Charter Communications Inc. is waiting to see if the U.S. Court of Appeals for the Ninth Circuit in San Francisco will reconsider its decision upholding Santa Cruz County's denial of transfer.
The cable operator has petitioned for an en banc hearing — that is, a hearing before all of the courts' judges — of a Sept. 20 ruling by the appeals court. Attorneys for the operator argue the court was in "clear error of law" when it handed a franchise dispute victory to the local franchising authority.
The central California coastal county declined a transfer of ownership from Sonic Communications to Charter in 1997. The action was based on community concerns that Charter had paid so much for the 5,000-subscriber system that the new owner would be forced to raise rates to consumers to recover its investment.

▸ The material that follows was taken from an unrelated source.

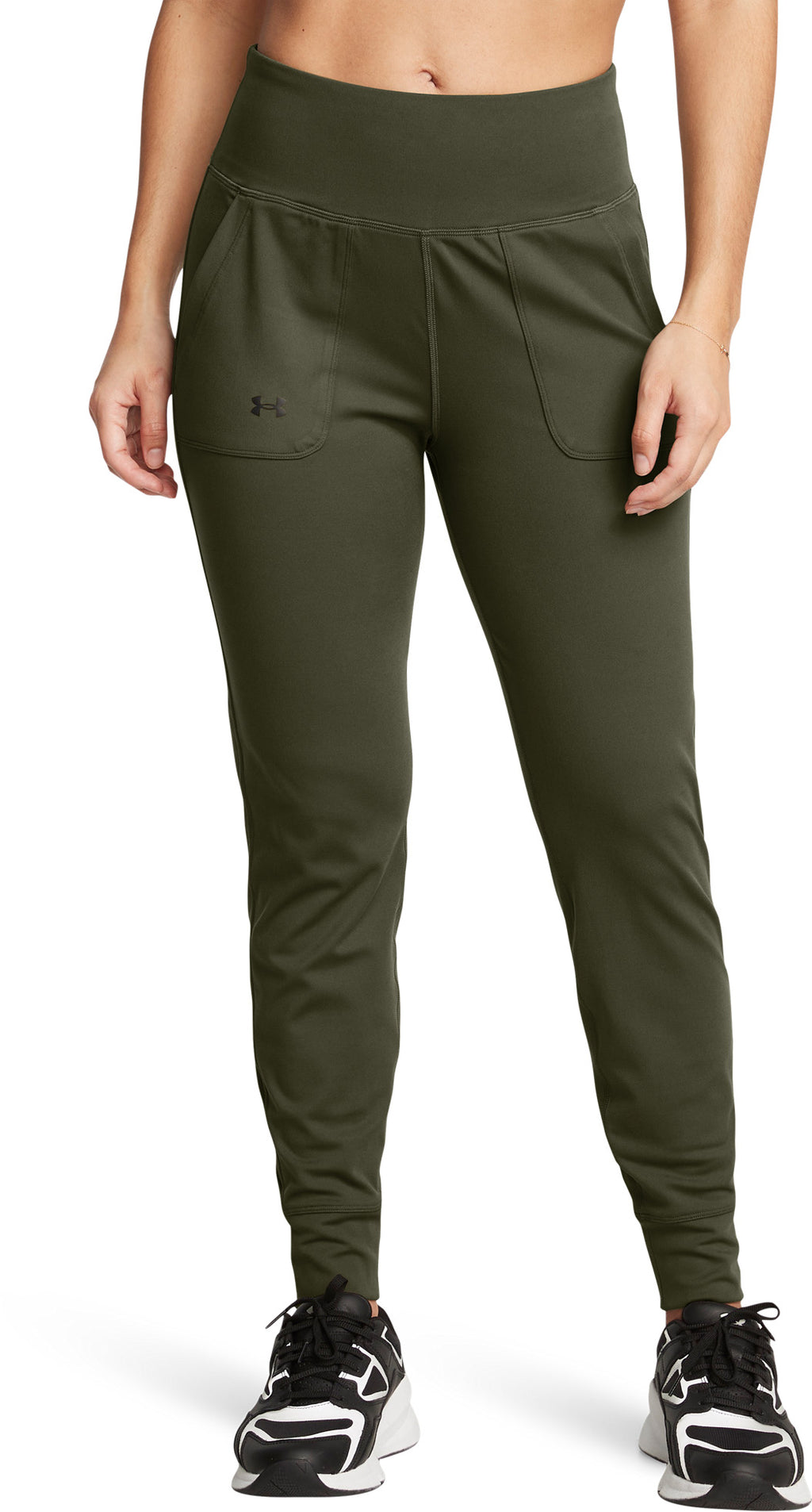Motion broek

Charter's petition, filed earlier this month, asserts the panel was in error because it did not acknowledge federal Cable Act timetables in its decision. Federal policy requires that cities act on transfer requests within 120 days and puts caps on franchise and other fees at 5 percent of gross revenue.
The operator has argued that the county's actions violated these standards. Charter refused to comply with demands that violated the Act — such as requiring a "processing" fee to compensate bureaucrats for the paperwork involved in examining Charter's transfer application — which lead to the denial, the company claimed.
Attorneys for the company also challenge court assertions that Charter "knowingly and voluntarily" waived its First Amendment rights when it entered its franchise agreement in Santa Cruz.
The court was wrong in relying on county counsel's word that assertions made during court arguments were factual, Charter's petition said.
A court clerk said the panel must gather to vote on whether to take en-banc petitions and that process, once begun, could take several days.